The U.S. Centers for Disease Control & Prevention is warning people not to eat romaine lettuce as officials investigate a new outbreak of E. coli. The outbreak has sickened at least 32 people from 11 states, including 13 who needed to be hospitalized.
“CDC is advising that U.S. consumers not eat any romaine lettuce, and retailers and restaurants not serve or sell any, until we learn more about the outbreak,” the CDC said in a statement Tuesday.
The advice applies to all types of romaine lettuce products including whole heads of romaine, hearts of romaine, and bags and boxes of pre-cut lettuce and salad mixes that contain romaine, including baby romaine, spring mix, and Caesar salad.
No brand names have been identified and no recall was ordered. But officials say anyone who has any type of romaine lettuce in at home should not eat it and should throw it away, even if some of it was already eaten and no one has gotten sick.
“FDA is working on determining the source of the romaine lettuce, but at this time they haven’t been able to identify a single grower or supplier or brand of romaine lettuce,” the CDC’s Laura Gieraltowski told CBS News.
If you don’t know whether the lettuce is romaine or whether a salad mix contains romaine lettuce, the CDC advises discarding it. Drawers and shelves where romaine lettuce was stored should be washed and sanitized.
The outbreak involves a strain of the bacteria called Shiga toxin-producing E. coli O157:H7, which may cause serious illness.
Symptoms of E. coli infection include diarrhea, which can be bloody, severe stomach cramps and vomiting. E. coli infections typically clear up within a week. However, more severe cases can lead to a type of kidney failure called hemolytic uremic syndrome (HUS). One person has developed HUS in the current outbreak.
Canadian health officials have also identified 18 cases in the provinces of Ontario and Quebec where people were infected with the same DNA fingerprint of E. coli O157:H7.
The CDC says the current outbreak is not related to a separate outbreak of five deaths.

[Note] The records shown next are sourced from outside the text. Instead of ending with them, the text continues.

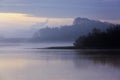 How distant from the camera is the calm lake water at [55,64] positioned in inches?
129

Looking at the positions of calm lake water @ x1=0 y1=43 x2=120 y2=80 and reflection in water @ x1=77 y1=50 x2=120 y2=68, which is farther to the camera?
reflection in water @ x1=77 y1=50 x2=120 y2=68

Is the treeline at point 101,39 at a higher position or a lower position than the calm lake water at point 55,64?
higher

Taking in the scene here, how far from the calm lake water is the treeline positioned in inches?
3.3

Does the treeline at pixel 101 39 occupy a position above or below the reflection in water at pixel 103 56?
above

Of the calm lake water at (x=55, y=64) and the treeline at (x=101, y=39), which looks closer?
the calm lake water at (x=55, y=64)

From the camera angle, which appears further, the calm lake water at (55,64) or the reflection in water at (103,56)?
the reflection in water at (103,56)

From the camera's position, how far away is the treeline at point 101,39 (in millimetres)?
3698

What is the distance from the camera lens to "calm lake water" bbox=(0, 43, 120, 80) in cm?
327

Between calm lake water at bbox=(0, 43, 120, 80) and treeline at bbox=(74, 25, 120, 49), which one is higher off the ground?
treeline at bbox=(74, 25, 120, 49)

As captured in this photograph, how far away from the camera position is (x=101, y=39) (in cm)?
384

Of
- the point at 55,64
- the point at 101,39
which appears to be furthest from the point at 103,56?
the point at 55,64

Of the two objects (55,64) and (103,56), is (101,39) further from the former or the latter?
(55,64)

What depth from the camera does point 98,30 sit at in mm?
3748

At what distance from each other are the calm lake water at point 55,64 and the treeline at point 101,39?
3.3 inches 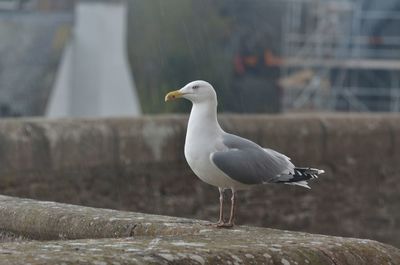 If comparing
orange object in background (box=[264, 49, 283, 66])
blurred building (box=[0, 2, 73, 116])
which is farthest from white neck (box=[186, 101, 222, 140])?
orange object in background (box=[264, 49, 283, 66])

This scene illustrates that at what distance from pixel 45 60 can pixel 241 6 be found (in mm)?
7161

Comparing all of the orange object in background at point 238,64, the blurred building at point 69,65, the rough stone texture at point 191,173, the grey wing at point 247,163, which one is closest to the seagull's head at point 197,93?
the grey wing at point 247,163

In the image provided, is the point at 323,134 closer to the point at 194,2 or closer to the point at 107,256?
the point at 107,256

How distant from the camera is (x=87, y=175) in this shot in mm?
8305

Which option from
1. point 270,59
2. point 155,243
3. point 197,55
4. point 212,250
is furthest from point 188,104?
point 212,250

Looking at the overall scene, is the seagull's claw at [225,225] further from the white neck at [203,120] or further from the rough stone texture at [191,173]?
the rough stone texture at [191,173]

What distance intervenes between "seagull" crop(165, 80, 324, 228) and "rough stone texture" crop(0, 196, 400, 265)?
21 centimetres

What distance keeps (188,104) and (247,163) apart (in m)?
16.6

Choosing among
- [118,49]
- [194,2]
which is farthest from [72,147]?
[194,2]

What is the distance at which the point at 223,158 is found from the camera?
4.64 metres

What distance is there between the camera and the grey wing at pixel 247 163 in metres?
4.65

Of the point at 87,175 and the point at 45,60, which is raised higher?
the point at 87,175

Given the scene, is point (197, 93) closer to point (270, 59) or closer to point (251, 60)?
point (270, 59)

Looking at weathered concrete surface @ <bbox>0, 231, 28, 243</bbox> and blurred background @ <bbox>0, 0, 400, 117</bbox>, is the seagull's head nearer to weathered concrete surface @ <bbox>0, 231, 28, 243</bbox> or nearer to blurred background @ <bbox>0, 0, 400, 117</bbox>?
weathered concrete surface @ <bbox>0, 231, 28, 243</bbox> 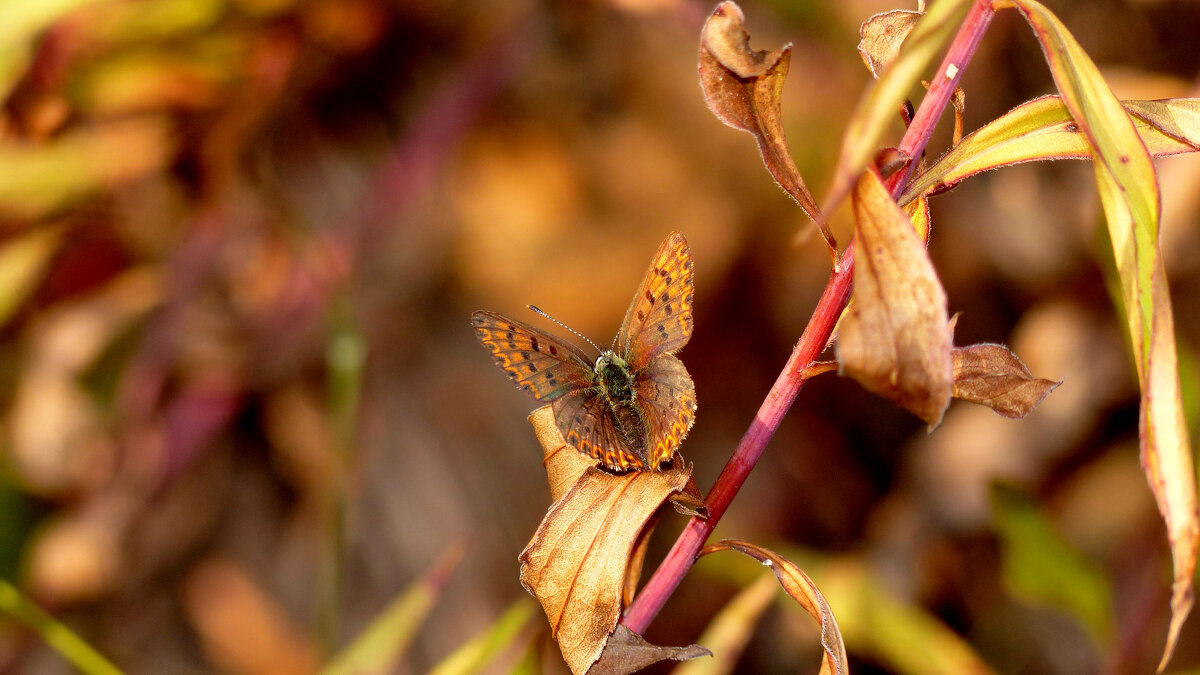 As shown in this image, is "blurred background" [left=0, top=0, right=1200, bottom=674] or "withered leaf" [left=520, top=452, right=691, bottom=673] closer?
"withered leaf" [left=520, top=452, right=691, bottom=673]

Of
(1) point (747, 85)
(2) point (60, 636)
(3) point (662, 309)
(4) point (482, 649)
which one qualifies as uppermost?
(1) point (747, 85)

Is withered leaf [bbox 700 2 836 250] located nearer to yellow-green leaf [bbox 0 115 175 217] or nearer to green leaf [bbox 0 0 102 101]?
green leaf [bbox 0 0 102 101]

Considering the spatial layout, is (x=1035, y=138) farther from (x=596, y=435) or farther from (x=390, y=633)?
(x=390, y=633)

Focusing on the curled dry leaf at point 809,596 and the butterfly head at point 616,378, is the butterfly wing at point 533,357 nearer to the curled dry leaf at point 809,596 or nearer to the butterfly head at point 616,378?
the butterfly head at point 616,378

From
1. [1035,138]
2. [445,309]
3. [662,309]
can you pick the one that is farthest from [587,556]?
[445,309]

It was eventually traced to in the Yuma, Arizona growing region., which resulted in similar warnings to avoid romaine lettuce in April and May. That outbreak, which sickened more than 200 people, was blamed for
- By ASHLEY WELCH © 2018 CBS Interactive Inc. All Rights Reserved.
From the CDC website:
CDC is advising consumers, restaurants, and retailers not to eat, serve, or sell any romaine lettuce as it investigates an outbreak of E. coli O157:H7 infections linked to romaine.
- CDC, public health and regulatory officials in several states and Canada, and the U.S. Food and Drug Administration are investigating a multistate outbreak of E. coli O157:H7 infections.
- Thirty-two illnesses have been reported from 11 states, including 13 people who have been hospitalized. One person developed hemolytic uremic syndrome, a type of kidney failure. No deaths have been reported.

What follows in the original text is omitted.